Cross-differentiation to derive the maxwell relation $\left(\frac{\partial T}{\partial V}\right)_S = -\left(\frac{\partial P}{\partial S}\right)_V$

Question

How can I use $T=\left(\frac{\partial E}{\partial S}\right)_V$ and $P=-\left(\frac{\partial E}{\partial V}\right)_S$ to derive

$$\left(\frac{\partial T}{\partial V}\right)_S = -\left(\frac{\partial P}{\partial S}\right)_V$$

The book (Statistical Physics by F. Mandl) suggests that $\frac{\partial^2 E}{\partial V \partial S} = \frac{\partial^2 E}{\partial S \partial V}$, but I can't make the connection as to how this helps. He calls this "cross-differentiation", i.e. to form the two derivatives given.

However, how can his suggestion be true?
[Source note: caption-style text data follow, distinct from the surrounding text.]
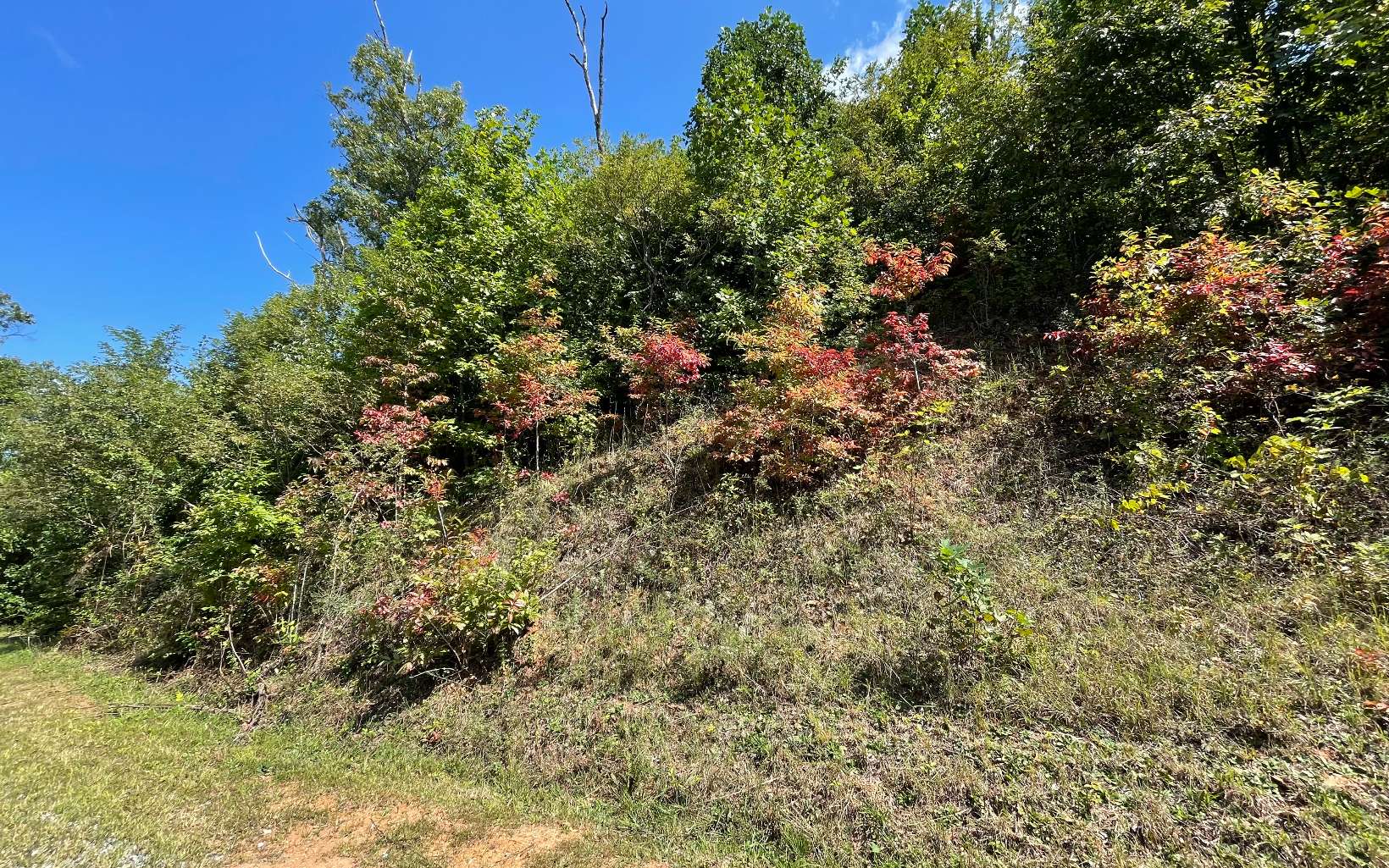 Lot 14 Mountain Harbour Drive Property Photo 29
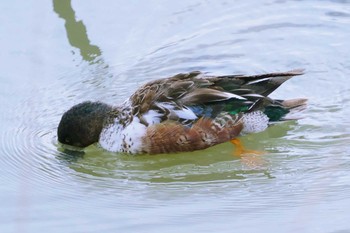 ハシビロガモ 布施溜池 2021年3月10日(水)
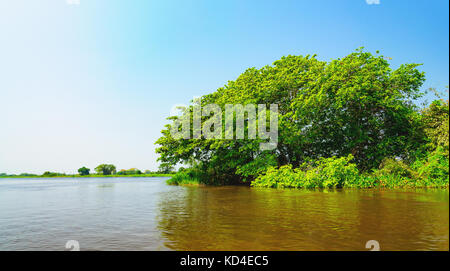 Paysage avec la rivière et de la végétation verte d'arbres et de plantes sur les berges de la rivière. Beau ciel bleu clair et l'eau de la rivière. Photo prise Banque D'Images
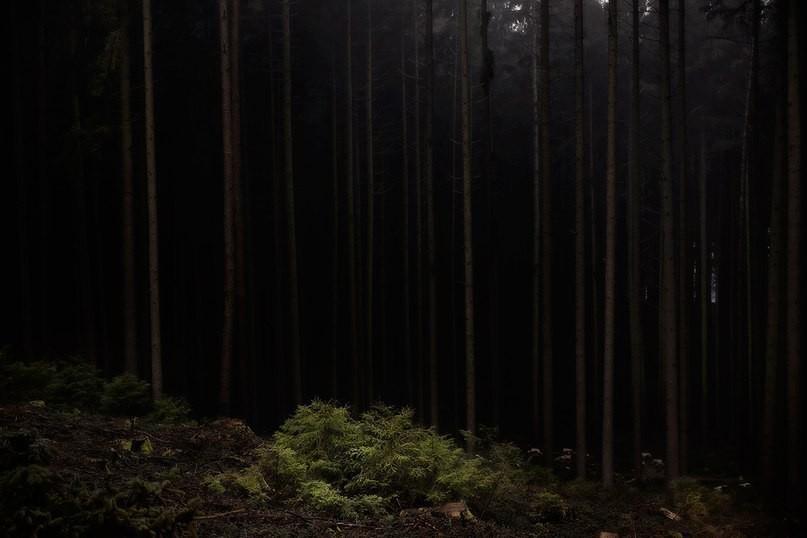 Я покрываюсь мхом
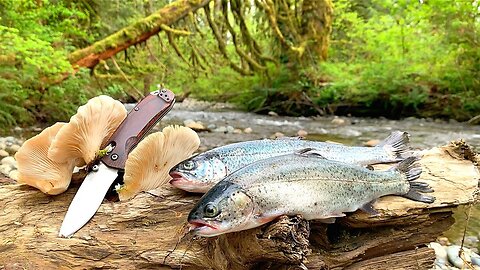 Trout Fishing & WILD MUSHROOM Foraging!!! (Catch, Clean, Cook)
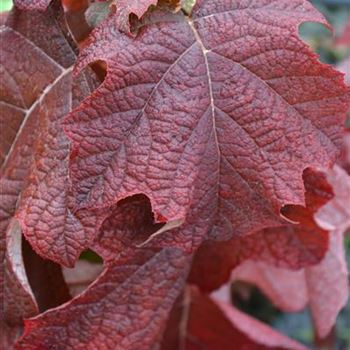 Hydrangea_quercifola_Herbst.JPG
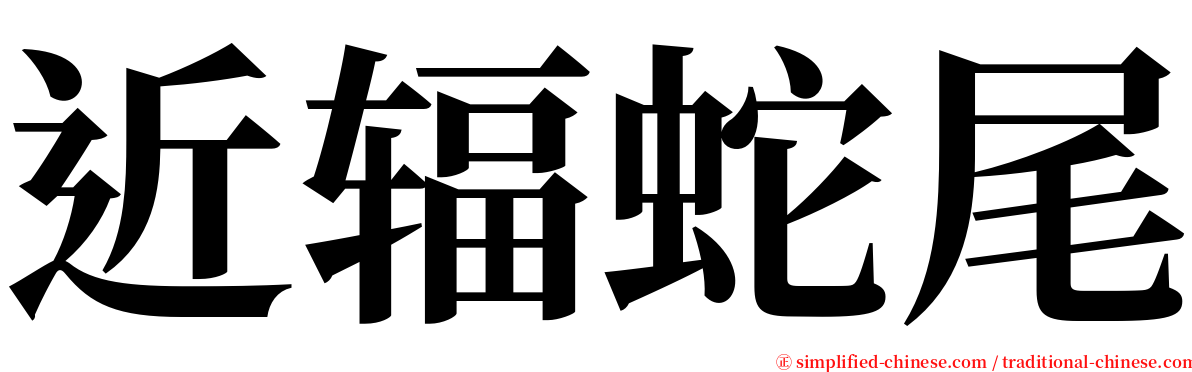 近辐蛇尾 serif font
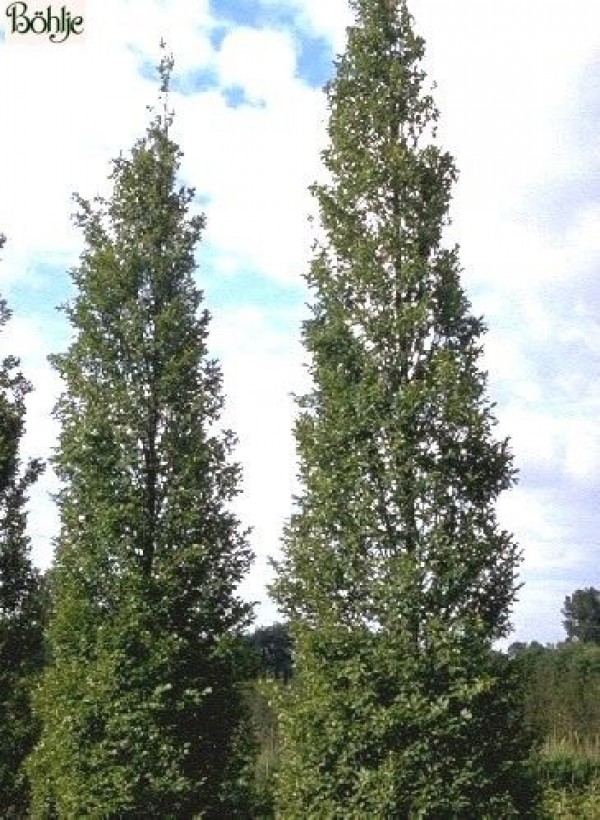 Carpinus betulus 'Fastigiata' -Säulenhainbuche-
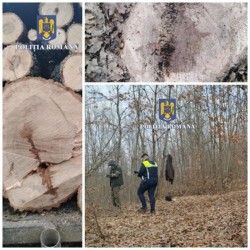 Hoț de lemne din pădure din Petriș identificat și reținut de polițiști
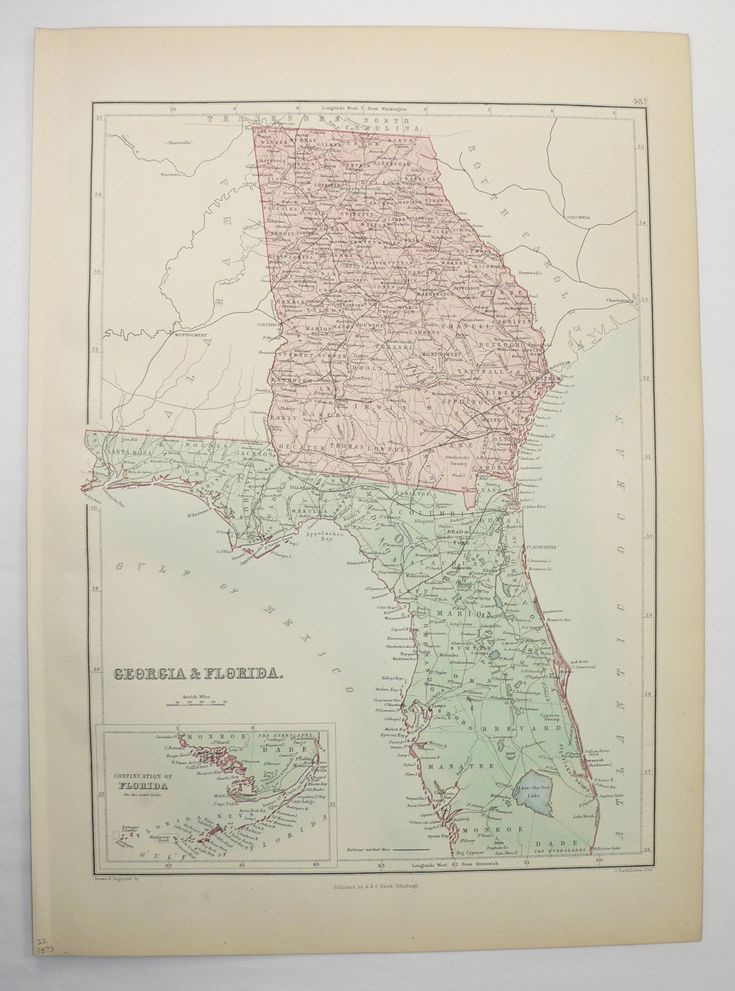 Antique Florida And Georgia Map 1873 A C Black Map Florida Gift For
If we take the 2nd derivative of $E$ using the equation for $T$ and $P$ given above, then

$$\partial T=\left(\frac{\partial^2 E}{\partial S^2}\right)$$

$$\partial P=-\left(\frac{\partial^2 E}{\partial V^2}\right)$$

Answer 1

Assuming the functions are well-behaved (continuous and differentiable), you can change the order of differentiation.

$$ \left(\frac{\partial T}{\partial V}\right)_S=\frac{\partial}{\partial V}\left(\frac{\partial E}{\partial S}\right) = \frac{\partial}{\partial S}\left(\frac{\partial E}{\partial V} \right) = -\left(\frac{\partial P}{\partial S}\right)_V$$